An der nächsten Wegbiegung erkannte der Kommissar in seinem Oldtimer den dunklen Porsche Cayenne, der sich in rasend schneller Fahrt näherte. Der Wagen passte perfekt in die luxuriöse Umgebung, schien aber trotzdem auf der Flucht.

Um das Aneinandergeraten der Autos auf dem schmalen Kiesweg zu verhindern, steuerte der Alfista seinen Klassiker von der Mitte zum Fahrbahnrand, ohne den Rasen zu touchieren – weniger aus Rücksicht auf das satte Grün der Wiese als aus Sorge um das saubere Gelb des Alfas –, und schaltete den Motor aus.

Der andere Lenker steuerte seinen SUV ebenfalls zum Rand und verlangsamte dabei die Fahrt, um ein paar Meter vor ihm erst Schritttempo aufzunehmen und dann ganz anzuhalten. Auf gleicher Höhe angekommen, begann Tagliabue zu kurbeln, um das Seitenfenster zu versenken, während sich die verdunkelte Scheibe des Zuffenhauseners wie von Geisterhand bewegt in die Türe zurückzog.

«Na, Herr Kommissar, wie lange wollen Sie sich denn noch diesen Italiener antun? Wäre es nicht an der Zeit, auf ein deutsches Erzeugnis umzusteigen? Darf es nicht ein BMW, ein Audi, ein VW oder vielleicht ein Opel sein? Aber ihr Italiener geht gern in Schönheit unter. Seid im antiken Rom hängen geblieben.»
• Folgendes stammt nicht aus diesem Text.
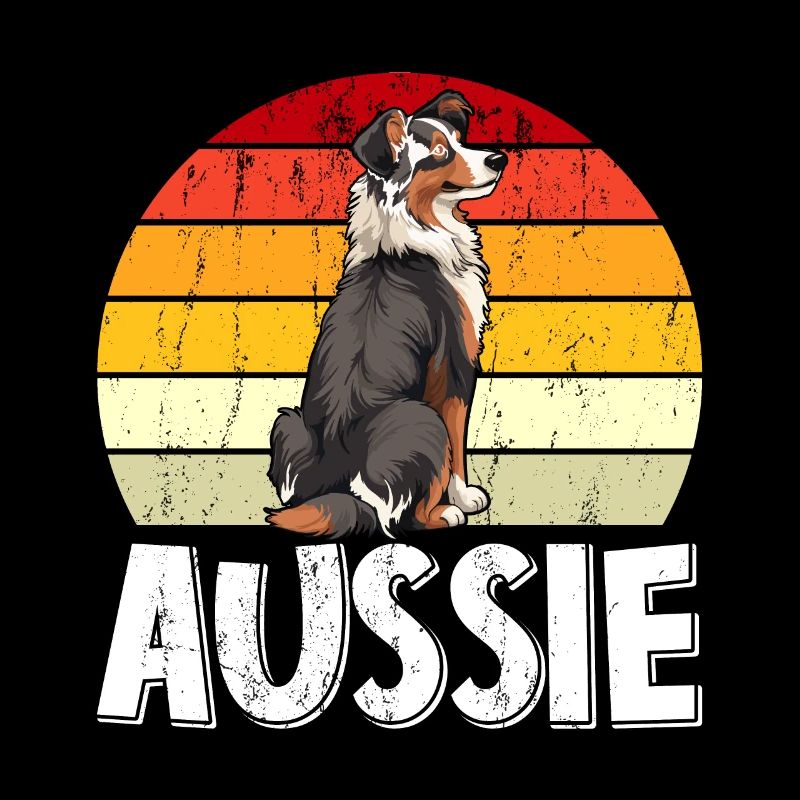 Australian Shepherd Vintage AUSSIE Dog Owner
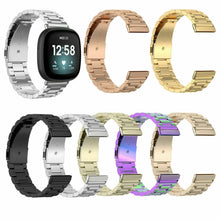 Load image into Gallery viewer, Stainless Steel Watch Strap Belt Wristband Band for Fitbit Versa 3 Fitbit sense - Battery Mate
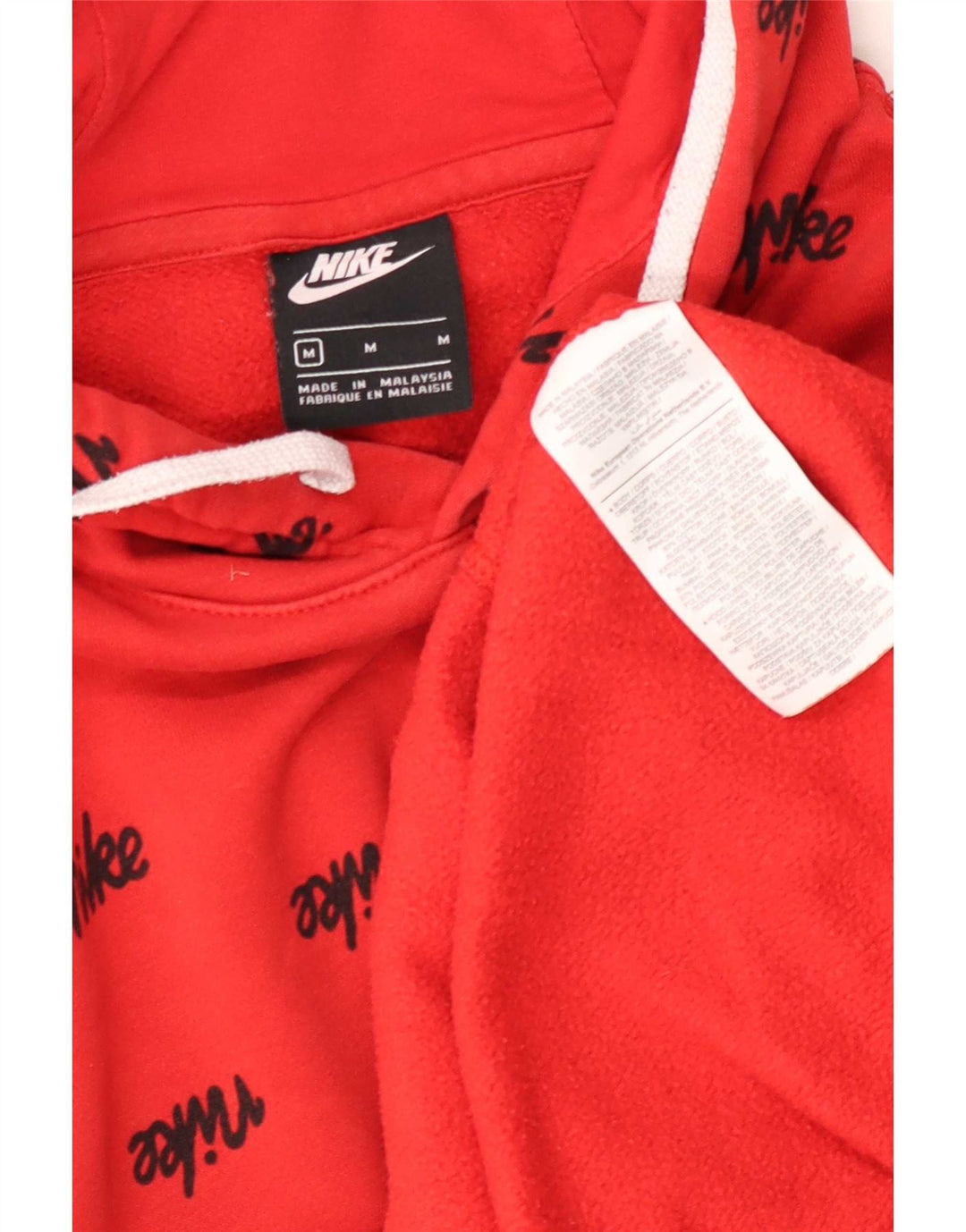 Męski sweter z kapturem Nike Graphic, średnio czerwony, bawełniany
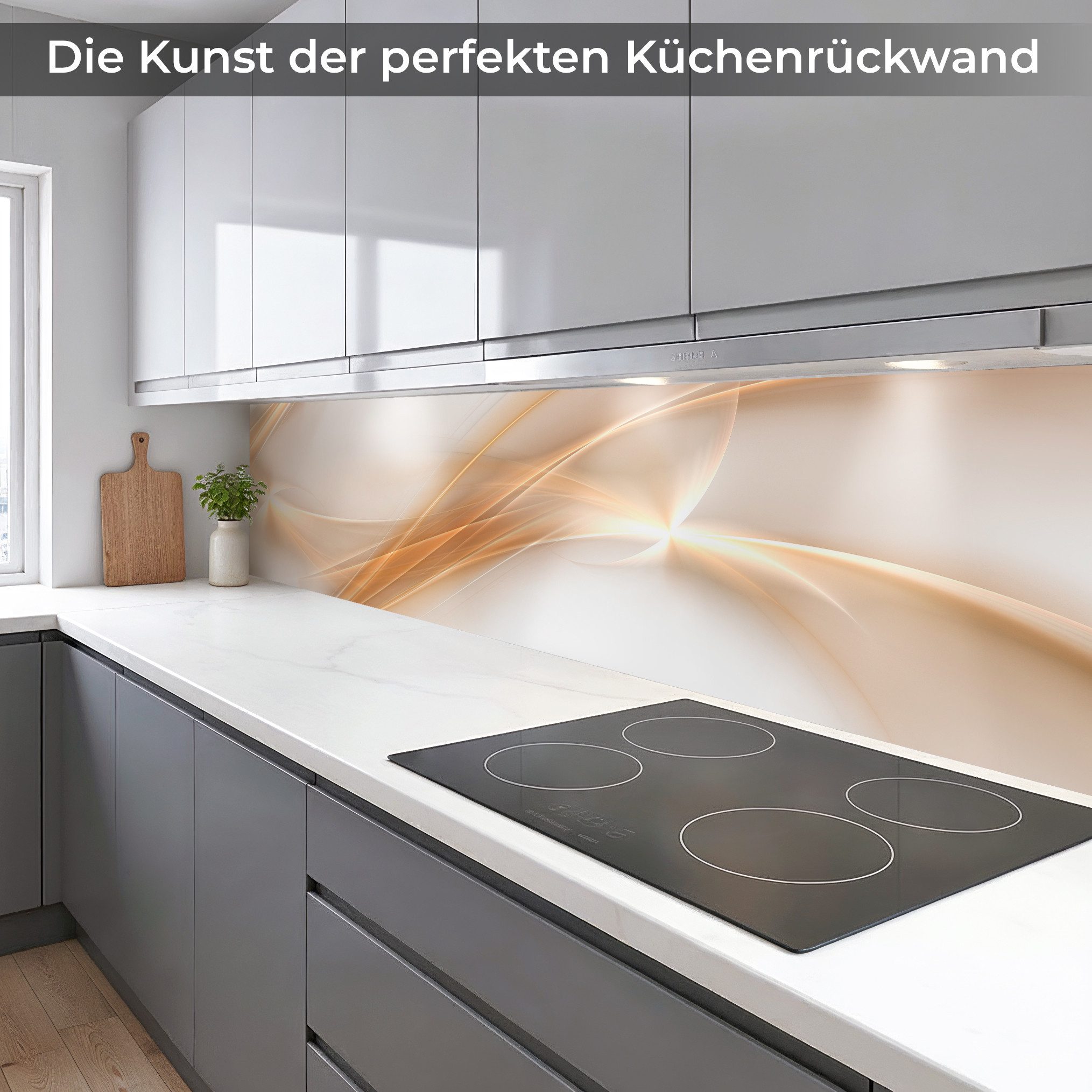 Rodnik Küchenrückwand Amelia Abstrakt, monolithische ABS-Platte mit Direktdruck, formstabil und langlebig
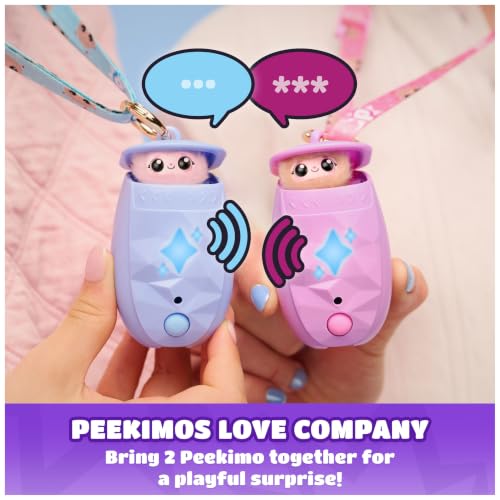 Purple Interactive Pet and Wearable Charm Accessory (Purple)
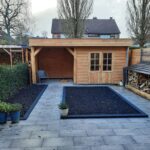 Schuur met overkapping Amerongen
Wenigstens hat dieses Reich im Gegensatz zu eurem auch tausend Jahre gedauert, konnte sich der Ermittler zu seinem eigenen Erstaunen beherrschen, seine Meinung laut auszusprechen: «Leider lässt mein Gehalt nicht zu, dass ich über ein neues Auto, geschweige denn ein deutsches Fabrikat nachdenke, Herr Staatsanwalt.»

Der Angesprochene quittierte den Hinweis mit einem kaum wahrnehmbaren Schulterzucken.

«Neu?», fragend blickte der Ermittler zu Hansen hoch über ihm.

«Ja», bestätigte der blonde Mittdreißiger und fixierte seinen Untergebenen. «Vor einer Woche direkt im Werk geholt. Bei dem Eurokurs wäre ich schön doof. Seien Sie vorsichtig, Sie kannten Schläfli ja», wechselte Hansen das Thema unerwartet.

Tagliabue nickte und tat, als ob er seine Erinnerungen in den hintersten Hirnwindungen zusammenkramen müsste: «Ich bin ihm erstmals im Militär begegnet. Dieser Kelch ist an Ihnen leider vorbeigegangen. Denn Sie hätten es auch in unserer besten Armee der Welt vermutlich sehr weit gebracht.»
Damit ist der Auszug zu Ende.